16:05                      18:05
16:10                      18:10
16:15                      18:15
16:20                      18:20
16:25                      18:25
16:30                      18:30
16:35                      18:35
16:40                      18:40
16:45                      18:45
16:50                      18:50
16:55                      18:55
17:00                      19:00
17:10  <-- ATTENTION! -->  19:10
18:00  <-- ATTENTION! -->  20:00

and so on, without fault, on the same 2-hour cycle.

There are also connectivity errors in the log, which happen with 1 second presision which also suggests that something is scheduled.

I cannot completely rule out the idea that it is OS-specific, but it seems to me more likely that something is happening on the machine(s) or on the DB server(s) where you observe these regular crashes. It might be related to the database, like the scheduled connections, or something completely independent -- disk maintenance, or be whatever. The former is easier to rule out: when we see the general log, we will hopefully know more.
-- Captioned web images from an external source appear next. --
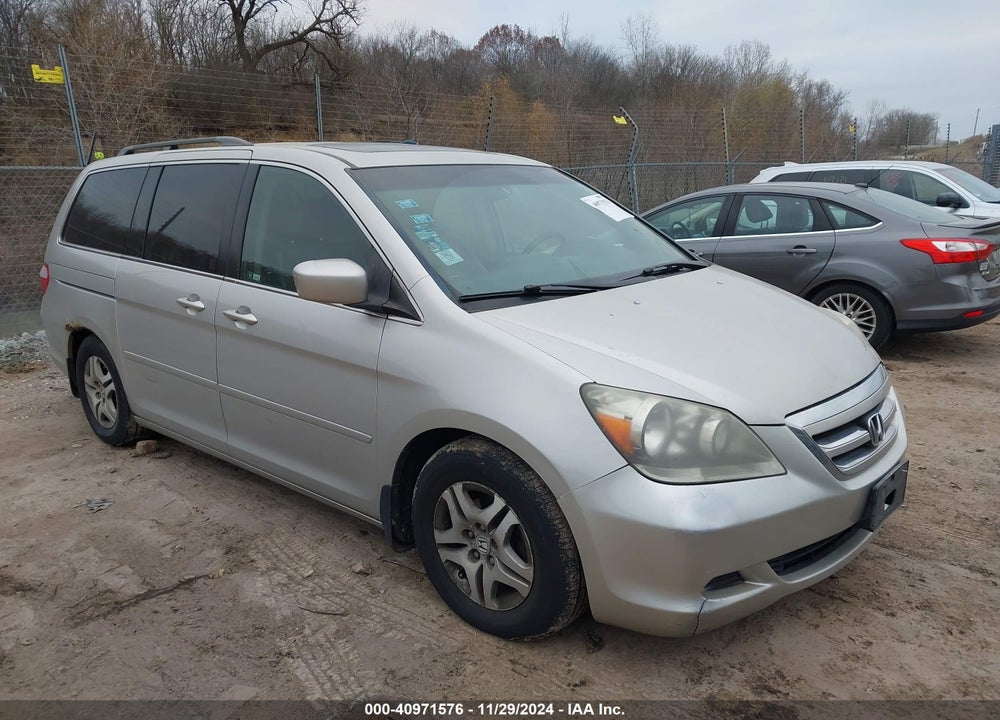 2005 HONDA ODYSSEY EX-L VIN: 5FNRL387X5B092731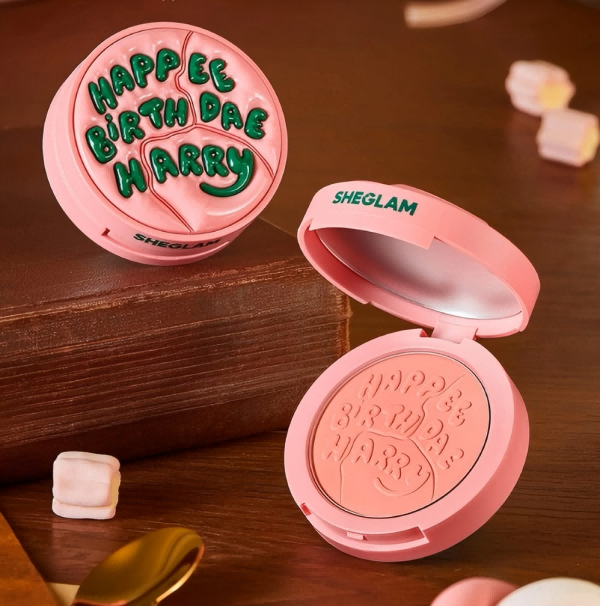 New Arrivals sheglam Blush Magic Movie collaboration Hagrid Cake Blush Cute and energetic peach Pink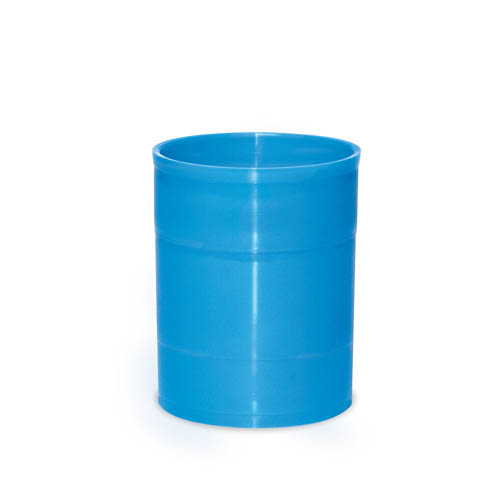 [TPC70-BL] BARATTOLO PORTAMATITE BLU (min.ord.6 o multipli)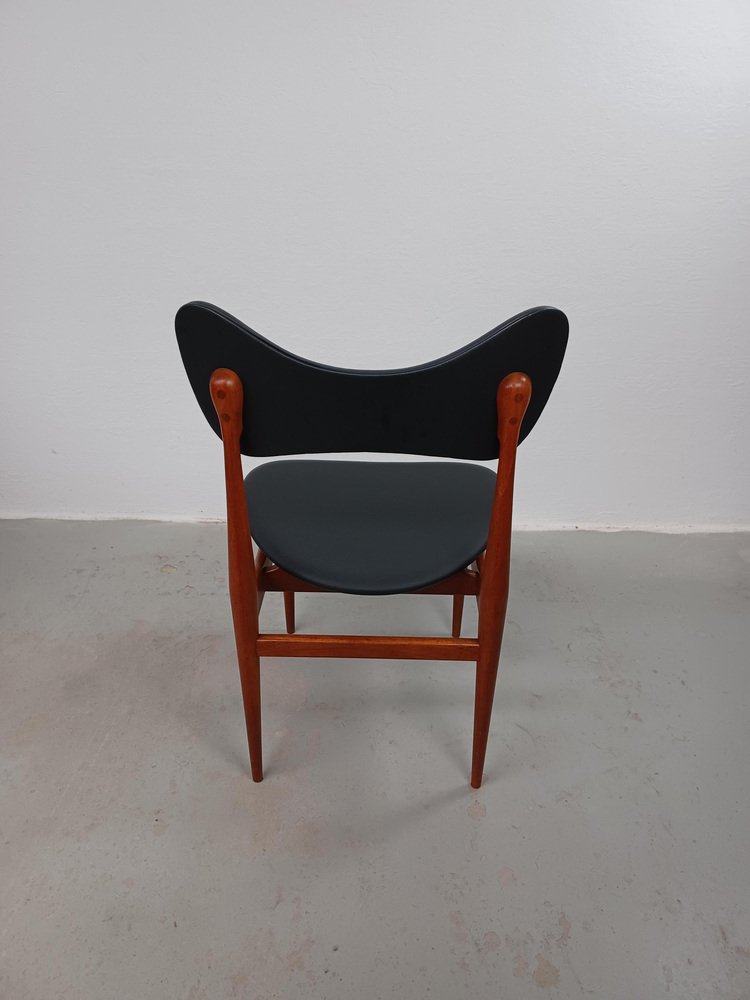 Restored Butterfly Teak Side Chair by Inge & Luciano Rubino attributed to Sorø Stolefabrik, 1960s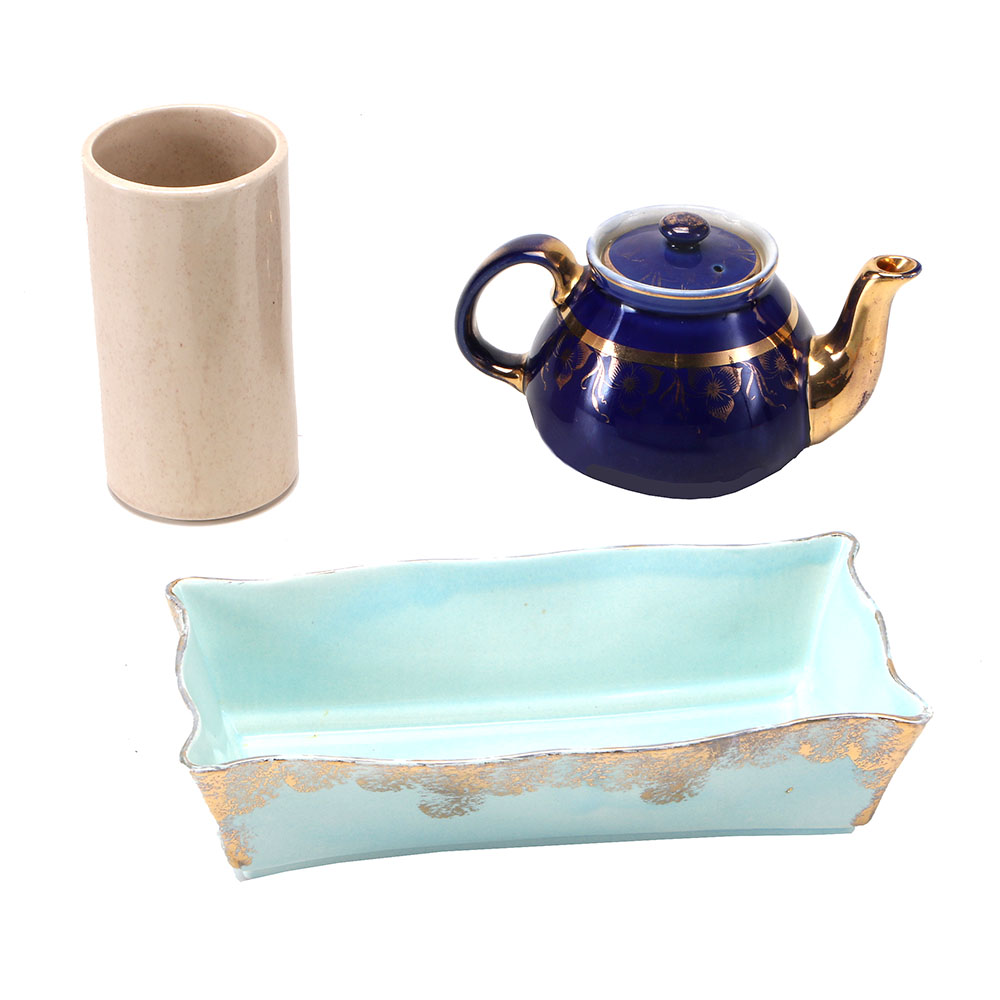 Selection of Vintage Pottery Including Hall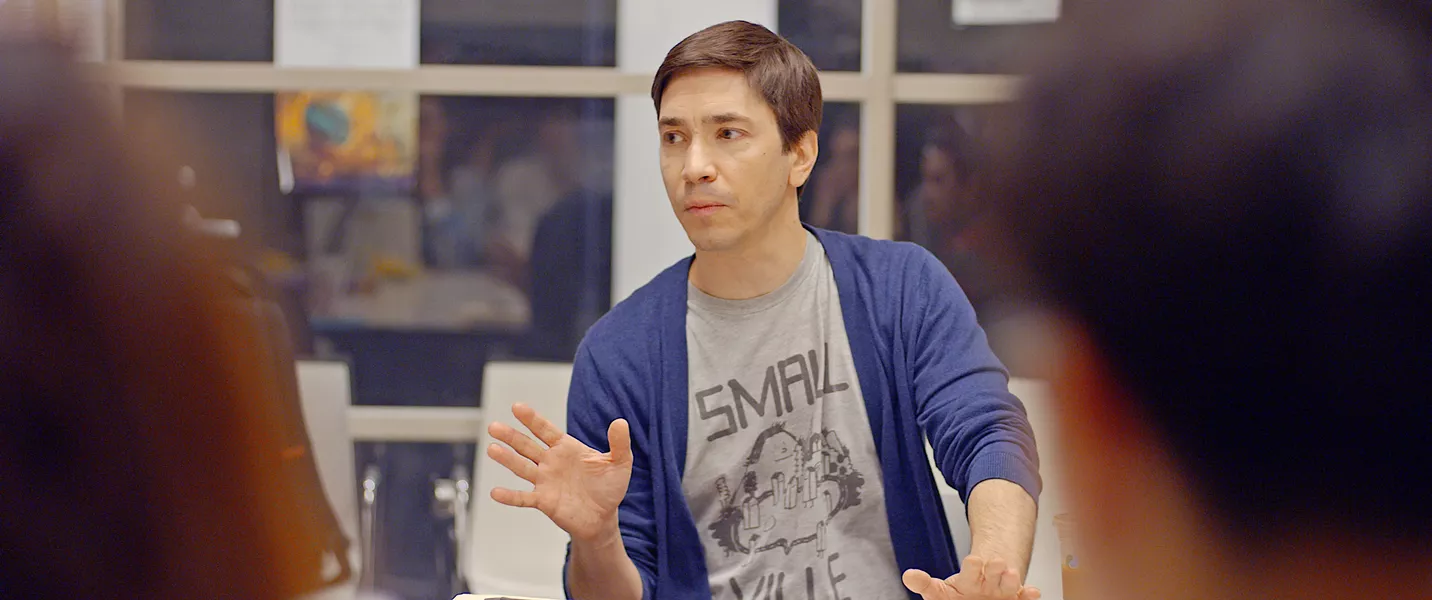 TRIGGER WARNING Josh (Justin Long), an NYC professor, finds himself in hot water and returns home to connect with his family, in the comedy After Class. - PHOTO COURTESY OF BONDIT MEDIA CAPITAL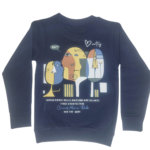 Full sleeves looper T-shirts (Front and Back) - Image 2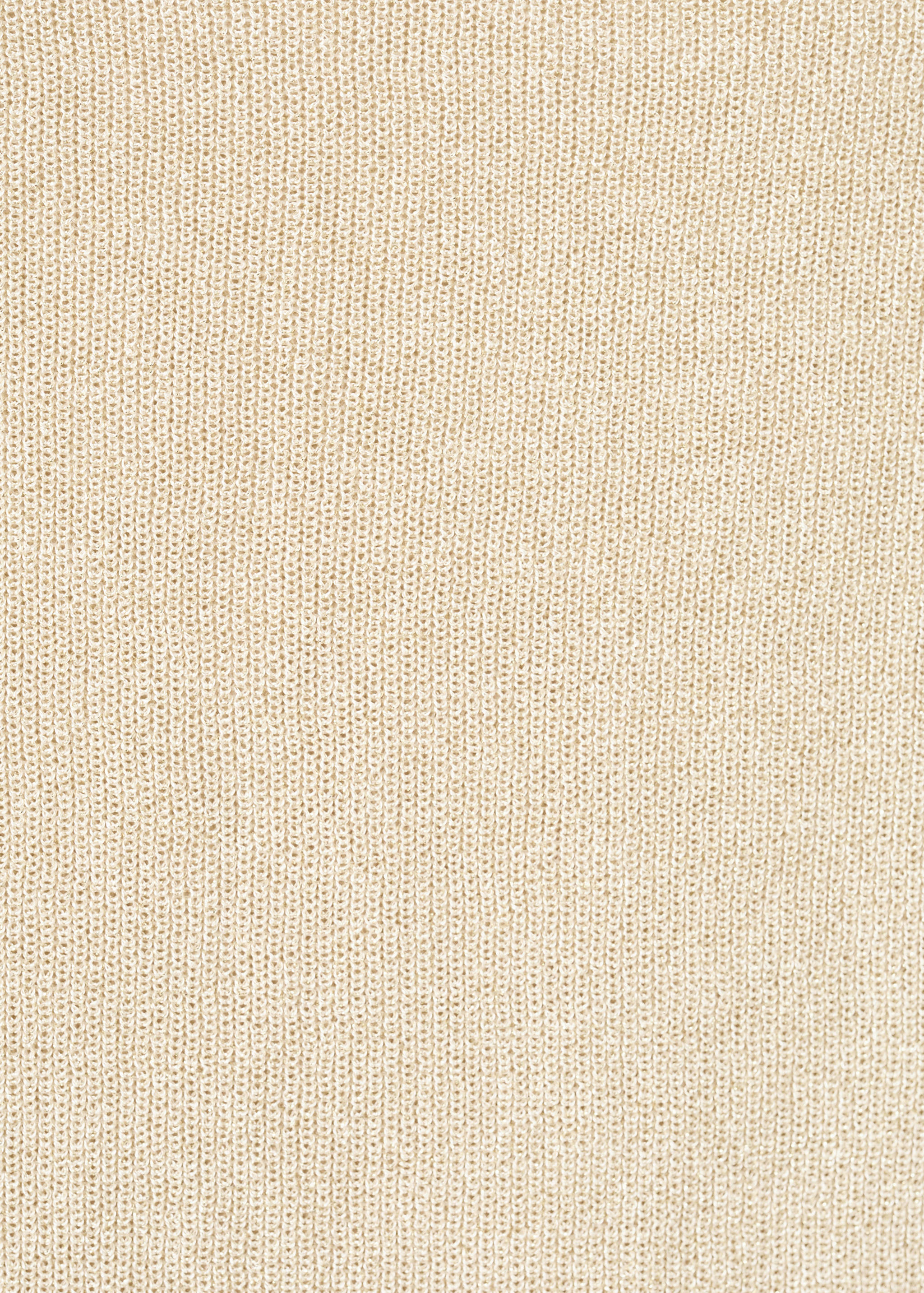 Lurex knitted V-neck top - Details of the article 0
One more thing to check is whether you have any events configured in the database itself -- there are none in the SQL file you sent, but maybe they were created separately.

Regards, ---

11 years, 3 months ago Scott Feldstein

Yes, this is what I pointed out in my initial comments, "This occurs just about every 5 minutes on the dot, but sometimes it crashes out of band. mysqld_safe continuously restarts it." and that the segfault seems to be from the checkpoint thread.

Here are some things to consider as well:

1) I have run percona mysql on these same servers, using the same disks and it is completely stable for several months now.

2) this is occurring on two different servers with the same OS and not the OS with rhel 5.2

3) the stack trace says it is a segfault

From these I can say with lots of confidence that nothing is killing the daemon.

I'll get you the required data when my box is accessible again.

11 years, 3 months ago Elena Stepanova

There is no doubt it's a crash inside Aria checkpoint execution, we just need to find a way to reproduce it locally. The more we know about what is going on on your servers, the faster we will get there.

The fact that it is not observed on the RHEL 5.2 server does not yet mean the bad memory access is not happening there, only that it does not cause the crash. We might see more on debug binaries when we have the right DML flow to make Aria checkpoints work same way as they do on your servers. I tried simple INSERTs on your schema, but did not get any valgrind complaints so far, so it's more efficient to use the real pattern than keep trying random ones.